Nota do governo do estado
“As secretarias de Justiça, Cidadania e Direitos Humanos e a Secretaria do Trabalho e Desenvolvimento Profissional estão acompanhando o caso desde ontem. A Comissão Estadual para Erradicação do Trabalho Escravo (Coetrae) foi acionada já a partir da articulação de Grupo de Trabalho criado por ordem de serviço do governador, após o caso de Bento Gonçalves.
A SJCDH fez os atendimentos iniciais para acolhimento dos resgatados e verificou-se que todos são da região. Eles já foram encaminhados de volta para suas casas e não houve necessidade de providenciar abrigamento temporário. A STPD está atuando junto ao MTE e ao MPT para liberação dos valores emergenciais a que eles têm direito (seguro-desemprego), bem como para devido pagamento das verbas rescisórias completas”.
Nota da Federarroz
“A Federação das Associações de Arrozeiros do Estado do Rio Grande do Sul – FEDERARROZ, vem, a público, tendo em vista seu compromisso irrestrito com o Estado Democrático de Direito e o respeito às Leis do país, sem prejuízo da missão de assegurar a segurança alimentar do povo brasileiro, externar o que segue.
Verifica-se a divulgação, por meio de canais de comunicação e veículos de imprensa, que, em operação organizada por órgãos estatais, se procedeu à identificação de pessoas laborando, ‘em área rural do Estado, ‘em desrespeito às regras trabalhistas vigentes e em condições análogas à escravidão’.

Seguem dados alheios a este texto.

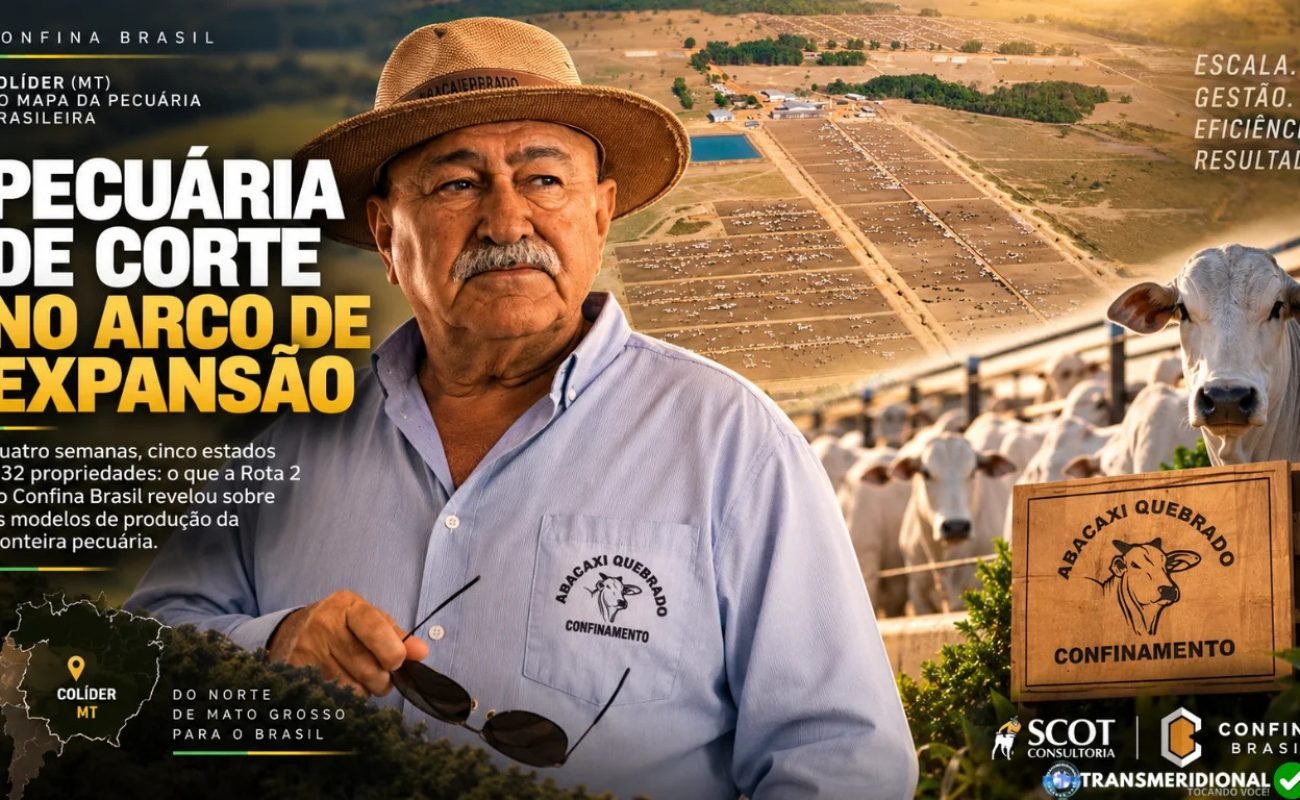 Flavio-Martins-Simone-Portal-JVC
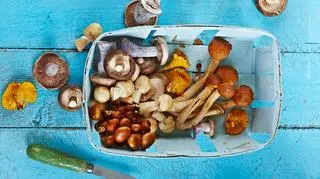 Grzyby na stole, w pojemniku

Com efeito, a Federarroz, entidade que representa os produtores de arroz do Rio Grande do Sul, Estado que é responsável por mais de 70% (setenta por cento) da produção nacional do cereal, ressalta que estará acompanhando as apurações decorrentes do caso concreto, de modo a colaborar com seus devidos esclarecimentos.
A par do exposto, os fatos narrados reclamam parcimônia, por parte dos órgãos de fiscalização, imprensa, sociedade civil, entre outros agentes envolvidos, na medida em que, tendo em vista o ordenamento jurídico brasileiro, o possível não cumprimento de regras trabalhistas vigentes não culminam, necessariamente, na possibilidade de enquadramento dos fatos como ‘análogo a escravidão’, vez que a Legislação e a jurisprudência pátria exigem o preenchimento de requisitos específicos para a configuração efetiva da previsão legal e, por conseguinte, para punição dos respectivos responsáveis.
A Federarroz reitera os compromissos da lavoura de arroz do Estado do Rio Grande do Sul com a construção de um país e uma sociedade livre, justa e solidária, mediante o desenvolvimento e compatibilização dos aspectos econômico, sociais e ambientais, como a forma de erradicar a pobreza e reduzir as desigualdades sociais e regionais, sem preconceitos de origem, raça, sexo, cor, idade e quaisquer outras formas de discriminação”.
3 Comentários
É sério isso que está na nota??? “os fatos narrados merecem parcimônia…” que vergonha.
Todo serviço na lavoura é exaustivo, gostaria de saber se alguém estava ali forçado recebendo R$100,00 por dia, bem acima salário rural, única coisa q vejo analago a escravidão é o alojamento próximo aos químicos. Querem manchar a imagem do RS perante o público. Agora se algum empregado ali estava forçado, aí sim configura escravidão. O crime apenas se refere as leis trabalhista no caso, penso , a não ser q um empregado se manifeste qvrecebia abaixo salário mínimo.
Juliodatrindade, onde esta a vergonha em requerer cuidado e atenção no trato com o assunto????? Acho que ninguém entendeu o teu espanto ou tu comentou sem entender o que leu no texto.